I had multiple jobs running on our university cluster, some around 70 days, and suddenly everything stopped with a segmentation fault on the common macro file. Attempts to restart the runs has resulted in a few particles then the same seg fault popping up again in the execute_error file but nothing in the output file.

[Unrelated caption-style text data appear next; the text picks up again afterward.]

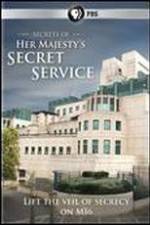Watch Secrets of Her Majesty's Secret Service Tvmuse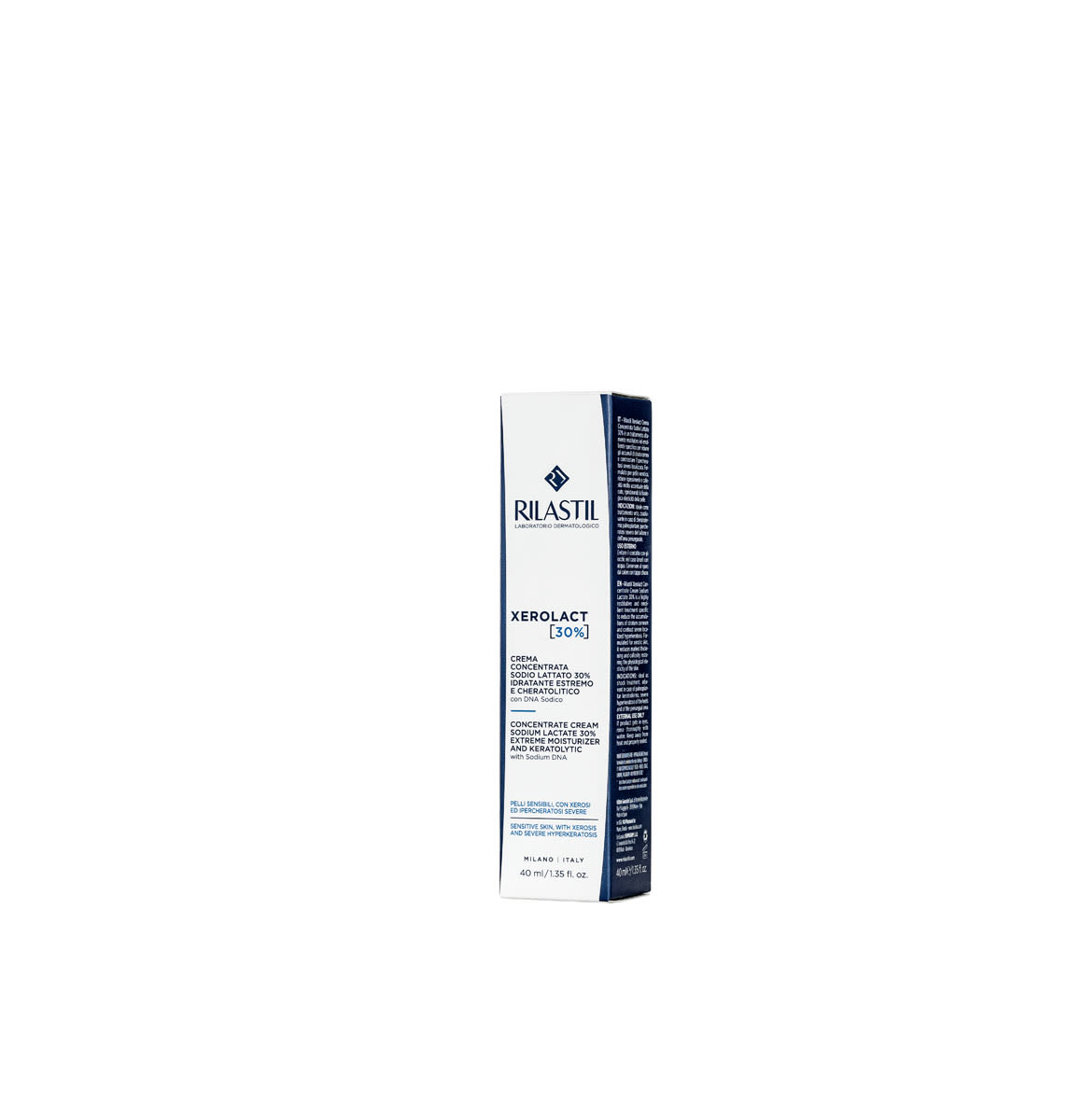 image - 934638204 - RILASTIL XEROLACT E CREMA 30% 40 ML - 7857968_2.jpg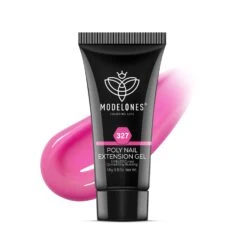 Barbi Doll - Poly Nail Gel (15g) -Mary Jully Nail Shop 4 35fb34e9 3c96 47ad 9b7d 7daa3f9d5710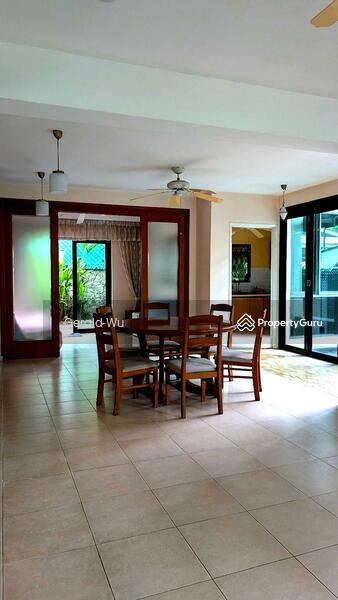 Semi-Detached for Sale, Regular shape, ideal facing Semi D for sale!, SGD 8,490,000 | 999-year lease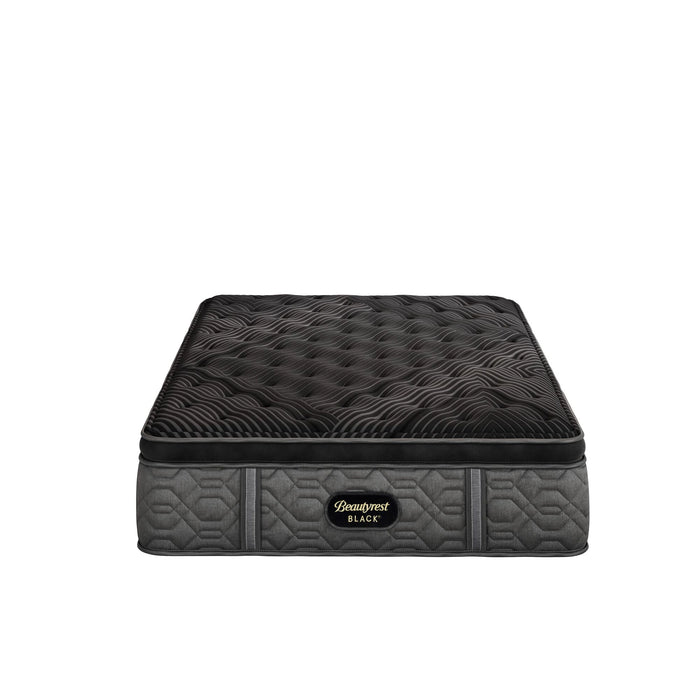 Beautyrest Black Series One 14.5" Plush Pillow Top Mattress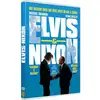 Image de Elvis et Nixon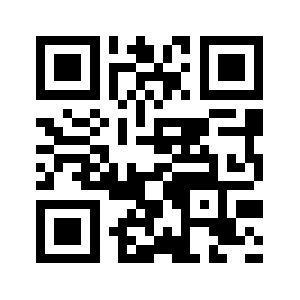 Omgitsfame.com QR code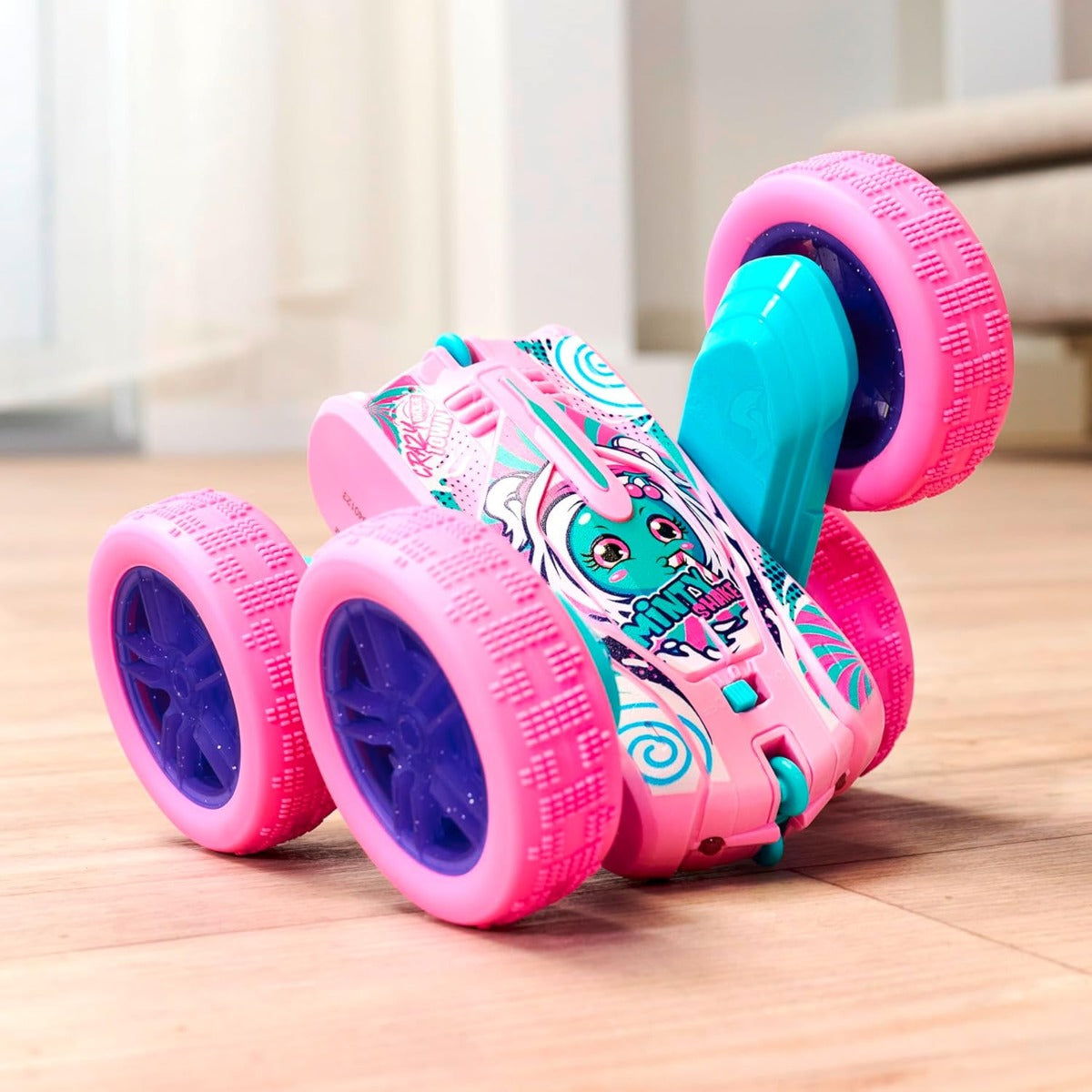 Buy Dickie Remote Controlled Berry Shaker | Yallatoys.com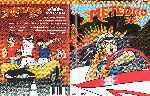 carátula dvd de Speed Racer - Meteoro - Region 4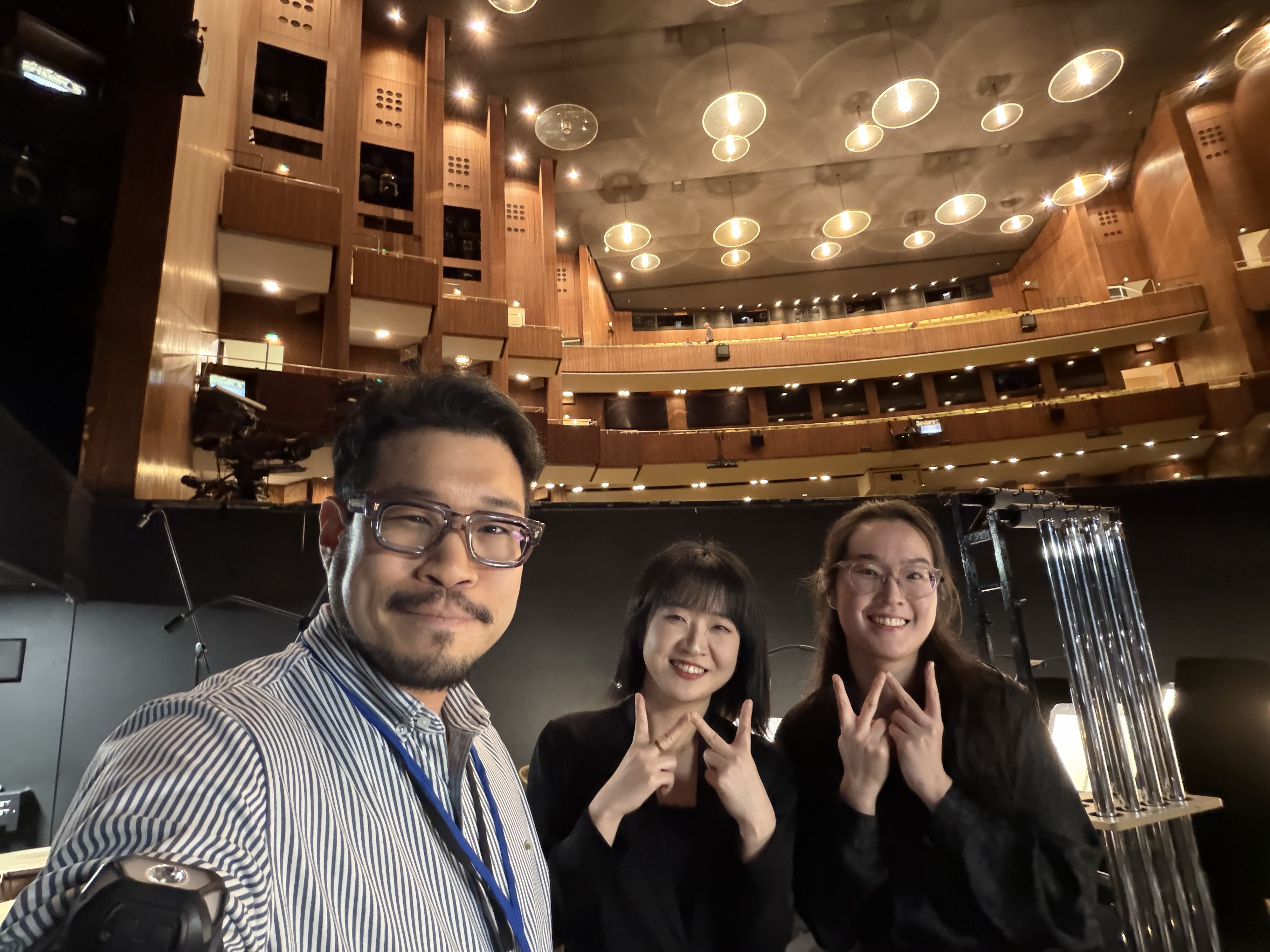 Deutsche Oper Berlin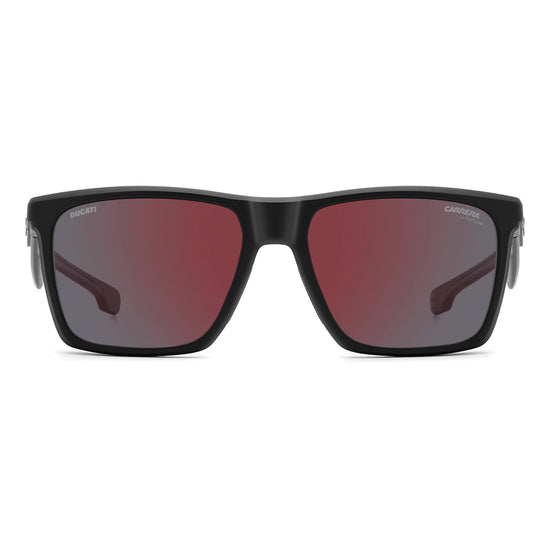 CARDUC 069/S | Matte Black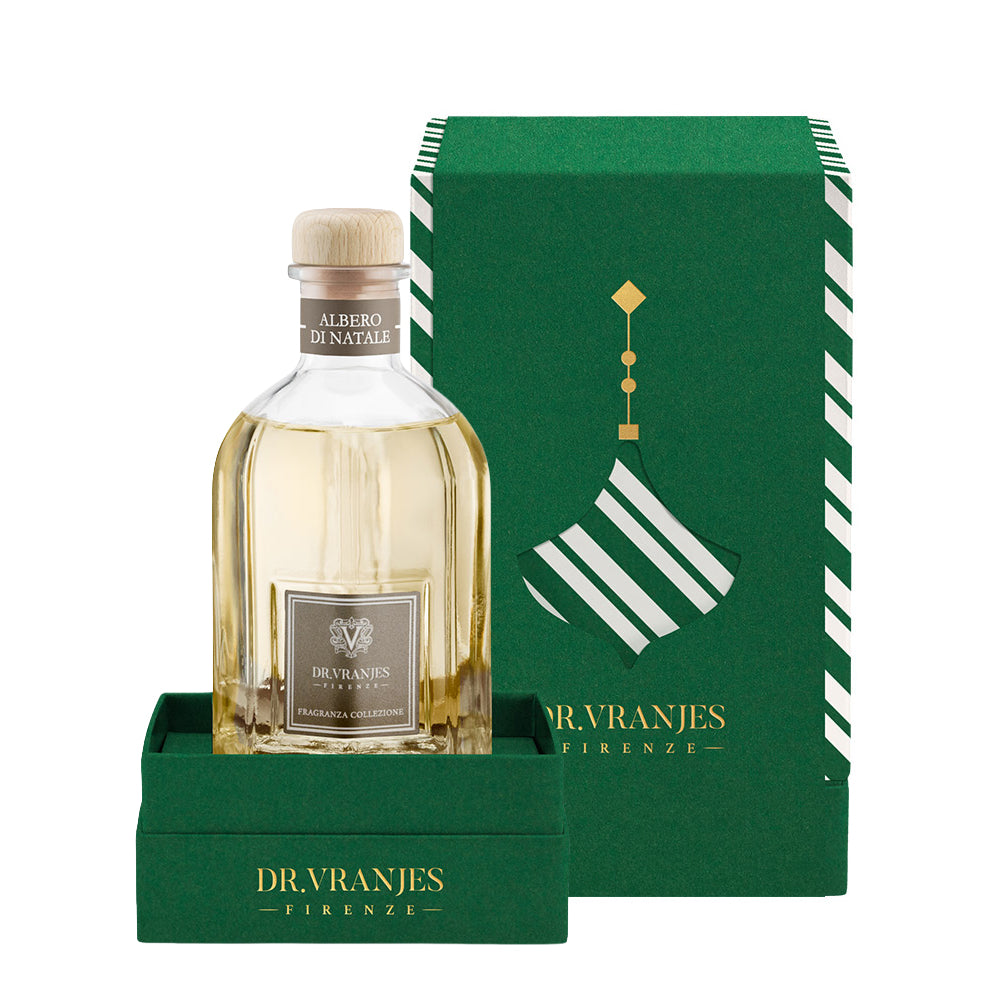 GIFT BOX NATALE Albero di Natale 250 ml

/var/spool/slurmdspool/job12639/slurm_script: line 14: 164200 Segmentation fault (core dumped) ./MultiOrtho run1E4.mac
run1E4.mac
# Macro file for Mono-Ortho
#
# Can be run in batch, without graphic
# or interactively: Idle> /control/execute run1.mac
#
# Change the default number of workers (in multi-threading mode)
#/run/numberOfThreads 4
#
# Initialize kernel
/run/initialize
/process/inactivate ePairProd
/process/inactivate hPairProd
/process/inactivate muPairProd
/process/inactivate eBrem
/process/inactivate hBrems
# /process/inactivate CoulombScat
#
/control/verbose 0
/run/verbose 0
/event/verbose 0
/tracking/verbose 0
#
# gamma 6 MeV to the direction (0.,0.,1.)
#
#/gun/particle gamma
#/gun/energy 6 MeV
#
/run/beamOn 10000
Line 14 is the call to /process/inactivate/eBrem which the seg fault hits even if I comment that line out as # /process/inactivate/eBrem or #/process/inactivate/eBrem.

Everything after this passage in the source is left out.